放送中の連ドラ『コウノドリ』で俳優デビューを飾った宮沢氷魚さんにインタビュー。演じるのは産婦人科医の父を持ち、星野源演じる産婦人科医・四宮から“ジュニア”と呼ばれてしまうちょっと未熟な研修医・吾郎。自身も元THE BOOMの宮沢和史を父に持つ“ジュニア”として、共感することもあるようで…。
「楽しい!」と感じられている自分にびっくりしました。
◆今作が俳優デビュー。初めてのことばかりだと思いますが、吾郎役を演じてみていかがですか?

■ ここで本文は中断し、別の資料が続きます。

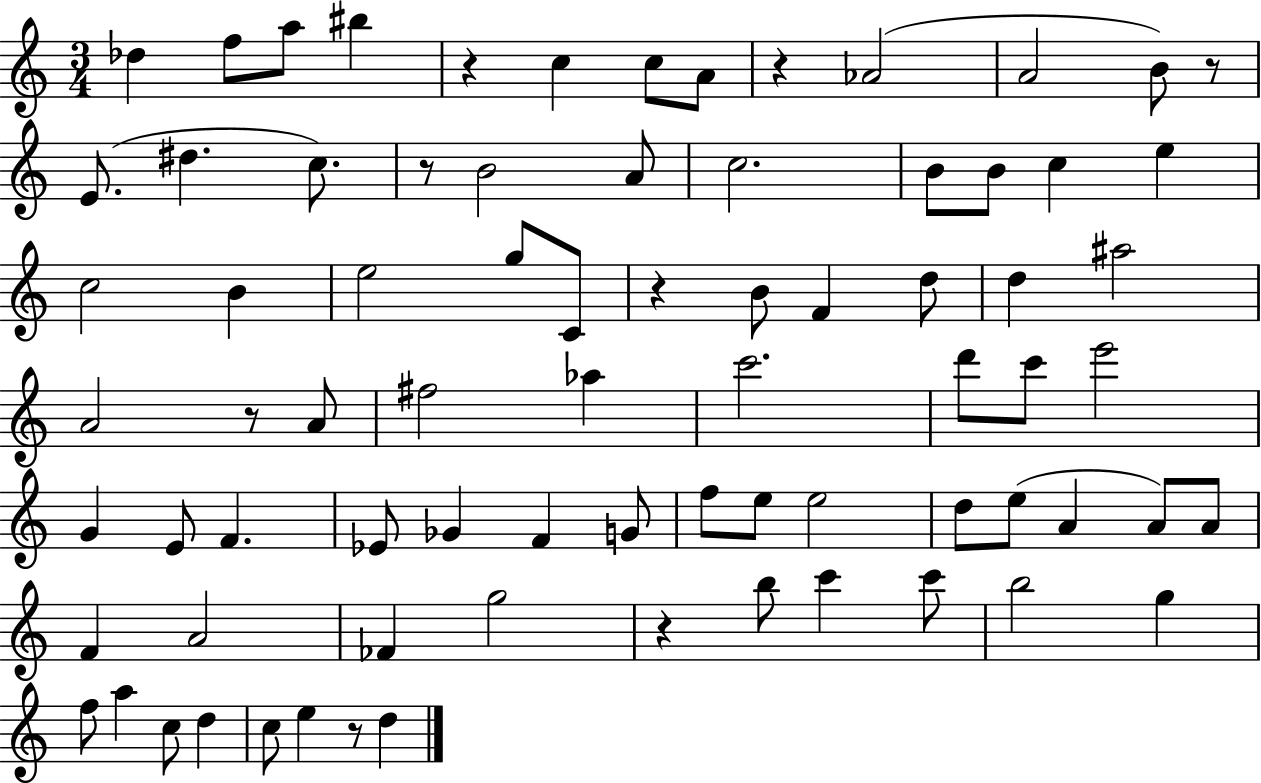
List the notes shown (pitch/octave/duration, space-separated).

Db5/q F5/e A5/e BIS5/q R/q C5/q C5/e A4/e R/q Ab4/h A4/h B4/e R/e E4/e. D#5/q. C5/e. R/e B4/h A4/e C5/h. B4/e B4/e C5/q E5/q C5/h B4/q E5/h G5/e C4/e R/q B4/e F4/q D5/e D5/q A#5/h A4/h R/e A4/e F#5/h Ab5/q C6/h. D6/e C6/e E6/h G4/q E4/e F4/q. Eb4/e Gb4/q F4/q G4/e F5/e E5/e E5/h D5/e E5/e A4/q A4/e A4/e F4/q A4/h FES4/q G5/h R/q B5/e C6/q C6/e B5/h G5/q F5/e A5/q C5/e D5/q C5/e E5/q R/e D5/q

始まるまではすごく緊張していて、クランクインの日は、行きの電車でもうガチガチでした。しかも最初に撮ったのが、志田未来さん演じる耳の聞こえない妊婦さんが買い物中に破水して、僕がたまたま通りかかって救急車を呼んでっていう、結構緊張感のあるシーンで。でも逆に“緊張感”を演じるのでなく、自分のリアルな緊張感のままで演じられたので、そういう面ではやりやすかったと、今となっては思えます。スタッフさんもすごく場を盛り上げてくださったので、いつのまにか緊張もどっかに吹っ飛んで「やばい、楽しい!」と感じられている自分にびっくりしました。
◆吾郎に共感する部分はありますか?
すごくあります。吾郎のお父さんも産婦人科の先生で“ジュニア”なんですが、僕もジュニアはジュニアですし。親の仕事とか、プレッシャーに対する嫌な気持ちとかは吾郎も多分感じてるはずだし、それは僕も個人的に感じて来たこと。だから役で悩んだ時は、自分ならどう考えるかな、どう行動するかなと考えます。共通点が多いので、僕のまま演じれば吾郎っぽくなる気もしていて。プラス吾郎はザ・ゆとり世代の医者で、知らないことが多いし、思ったことをすぐ口にしてしまうような子。僕は教育的にはゆとりではないですが、世代でいうと同じぐらいなので、少しはその気持ちも分かるかなと思います。
◆撮影にあたり、お父様と何かお話はされましたか?
父も一時期俳優業をしていたので、クランクインの前に、自分が初めてドラマに出た時の話をしてくれました。初めてで分からないこともあってミスもたくさんしたし、せりふが飛んで、初シーンではNGを出しまくったらしいんです。でもその時は周りの方々が「大丈夫ですから」とサポートしてくれたみたいで。だから僕にも「初めてだからミスを恐れず、持ってるものを全部出して。みなさんベテランだから、カバーしてくれるから」と言ってくれましたね。僕と同じような緊張感やプレッシャーを感じた人のアドバイスというのは、すごくスッと入ってくるというか。気持ち的にとても助かりましたね。
星野さんとのシーンでは、基本怒られてます(笑)
◆撮影現場はどんな雰囲気ですか?
綾野剛さんには、ものすごくかわいがって頂いています。『オールスター感謝祭』のマラソンを走ることになった時には、ランニングシューズはどれがいいかとか、合間に携帯でずっと探してくれたり。「あ、これいい! 氷魚ちょっと来て」って感じで一緒に見たりとか、ホントにすっごく優しい先輩です。1話のマナ(志田)の出産シーンで、吾郎がボードでメッセージを出していたんですが、そこはほとんど素の自分でものすごく真剣にやってたんです。そしたらそれを見た綾野さんが「この吾郎最高!」って言ってくれて。「必死にやってる氷魚が、まさに吾郎にぴったりだから、そのまま行っちゃえ」って言ってくれたんです。綾野さんはご本人が出てないシーンも常にモニターを見て、アドバイスを下さるので、それにいつも救われています。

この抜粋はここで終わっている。